**REQUIREMENT**
Set down, word for word, every line of the listing below, starting with the one that contains "Katrinanixfox" and ending with the final line. Include nothing else.

--

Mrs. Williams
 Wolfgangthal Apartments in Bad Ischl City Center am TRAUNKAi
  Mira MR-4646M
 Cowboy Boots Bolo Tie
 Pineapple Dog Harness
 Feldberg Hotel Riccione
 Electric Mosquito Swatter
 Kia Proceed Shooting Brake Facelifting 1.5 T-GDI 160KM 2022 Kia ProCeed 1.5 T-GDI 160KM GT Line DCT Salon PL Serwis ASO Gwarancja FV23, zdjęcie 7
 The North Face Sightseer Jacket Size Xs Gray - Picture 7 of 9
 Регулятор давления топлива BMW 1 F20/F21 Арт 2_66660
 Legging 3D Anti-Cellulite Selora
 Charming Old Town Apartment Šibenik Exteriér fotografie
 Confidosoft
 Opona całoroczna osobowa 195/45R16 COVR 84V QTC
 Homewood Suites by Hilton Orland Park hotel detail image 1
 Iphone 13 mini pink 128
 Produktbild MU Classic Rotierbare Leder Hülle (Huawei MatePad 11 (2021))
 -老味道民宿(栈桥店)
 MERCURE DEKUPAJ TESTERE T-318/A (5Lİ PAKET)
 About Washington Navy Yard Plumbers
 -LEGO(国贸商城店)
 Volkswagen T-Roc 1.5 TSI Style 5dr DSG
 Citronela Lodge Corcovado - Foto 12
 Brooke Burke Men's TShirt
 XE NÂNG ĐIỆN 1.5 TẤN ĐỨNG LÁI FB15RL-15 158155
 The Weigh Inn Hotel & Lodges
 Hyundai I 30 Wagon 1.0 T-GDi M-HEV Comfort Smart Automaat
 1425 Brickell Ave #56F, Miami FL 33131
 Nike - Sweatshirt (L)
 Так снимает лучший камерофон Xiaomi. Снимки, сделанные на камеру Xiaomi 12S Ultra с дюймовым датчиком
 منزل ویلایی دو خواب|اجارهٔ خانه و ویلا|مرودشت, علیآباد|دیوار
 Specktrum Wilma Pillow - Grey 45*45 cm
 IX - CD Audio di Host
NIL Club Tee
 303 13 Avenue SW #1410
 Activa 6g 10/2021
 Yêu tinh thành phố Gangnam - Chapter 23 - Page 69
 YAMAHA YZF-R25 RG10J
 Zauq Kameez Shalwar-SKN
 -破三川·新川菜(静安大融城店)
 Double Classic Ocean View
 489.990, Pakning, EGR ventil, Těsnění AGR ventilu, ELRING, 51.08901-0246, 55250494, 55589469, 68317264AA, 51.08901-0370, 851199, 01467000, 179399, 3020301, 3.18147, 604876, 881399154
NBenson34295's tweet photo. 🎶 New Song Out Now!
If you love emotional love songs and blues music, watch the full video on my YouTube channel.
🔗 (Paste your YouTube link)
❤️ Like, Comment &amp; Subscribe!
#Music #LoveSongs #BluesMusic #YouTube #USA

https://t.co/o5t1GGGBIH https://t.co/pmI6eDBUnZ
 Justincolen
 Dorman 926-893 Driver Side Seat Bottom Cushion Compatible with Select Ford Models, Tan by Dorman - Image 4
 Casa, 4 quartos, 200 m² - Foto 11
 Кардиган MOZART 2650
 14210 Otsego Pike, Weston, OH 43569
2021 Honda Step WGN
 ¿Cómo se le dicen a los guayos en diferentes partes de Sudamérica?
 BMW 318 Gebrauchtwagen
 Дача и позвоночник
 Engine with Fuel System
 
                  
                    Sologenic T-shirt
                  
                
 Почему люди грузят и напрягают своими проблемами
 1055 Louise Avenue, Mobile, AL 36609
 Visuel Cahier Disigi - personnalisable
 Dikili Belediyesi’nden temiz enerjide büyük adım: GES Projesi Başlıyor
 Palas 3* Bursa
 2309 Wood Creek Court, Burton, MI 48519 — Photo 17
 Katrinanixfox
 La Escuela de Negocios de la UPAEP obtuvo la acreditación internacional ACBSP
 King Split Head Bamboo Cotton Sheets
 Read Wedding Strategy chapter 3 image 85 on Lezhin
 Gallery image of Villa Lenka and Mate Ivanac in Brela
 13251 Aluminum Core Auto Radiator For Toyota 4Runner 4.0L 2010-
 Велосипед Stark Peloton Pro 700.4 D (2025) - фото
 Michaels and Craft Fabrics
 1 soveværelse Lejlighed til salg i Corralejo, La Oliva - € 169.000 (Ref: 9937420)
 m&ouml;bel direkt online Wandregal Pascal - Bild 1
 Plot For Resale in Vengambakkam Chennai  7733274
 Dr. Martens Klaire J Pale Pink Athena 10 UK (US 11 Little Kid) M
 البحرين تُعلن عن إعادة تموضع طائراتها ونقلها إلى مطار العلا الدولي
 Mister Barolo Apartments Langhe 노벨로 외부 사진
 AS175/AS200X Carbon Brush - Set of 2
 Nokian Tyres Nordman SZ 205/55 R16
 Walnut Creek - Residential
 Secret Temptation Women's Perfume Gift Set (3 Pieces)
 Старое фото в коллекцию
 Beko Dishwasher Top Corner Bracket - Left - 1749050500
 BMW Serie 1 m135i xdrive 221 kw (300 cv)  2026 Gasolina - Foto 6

--

**FINISHED EXERCISE**
 Katrinanixfox
 La Escuela de Negocios de la UPAEP obtuvo la acreditación internacional ACBSP
 King Split Head Bamboo Cotton Sheets
 Read Wedding Strategy chapter 3 image 85 on Lezhin
 Gallery image of Villa Lenka and Mate Ivanac in Brela
 13251 Aluminum Core Auto Radiator For Toyota 4Runner 4.0L 2010-
 Велосипед Stark Peloton Pro 700.4 D (2025) - фото
 Michaels and Craft Fabrics
 1 soveværelse Lejlighed til salg i Corralejo, La Oliva - € 169.000 (Ref: 9937420)
 m&ouml;bel direkt online Wandregal Pascal - Bild 1
 Plot For Resale in Vengambakkam Chennai  7733274
 Dr. Martens Klaire J Pale Pink Athena 10 UK (US 11 Little Kid) M
 البحرين تُعلن عن إعادة تموضع طائراتها ونقلها إلى مطار العلا الدولي
 Mister Barolo Apartments Langhe 노벨로 외부 사진
 AS175/AS200X Carbon Brush - Set of 2
 Nokian Tyres Nordman SZ 205/55 R16
 Walnut Creek - Residential
 Secret Temptation Women's Perfume Gift Set (3 Pieces)
 Старое фото в коллекцию
 Beko Dishwasher Top Corner Bracket - Left - 1749050500
 BMW Serie 1 m135i xdrive 221 kw (300 cv)  2026 Gasolina - Foto 6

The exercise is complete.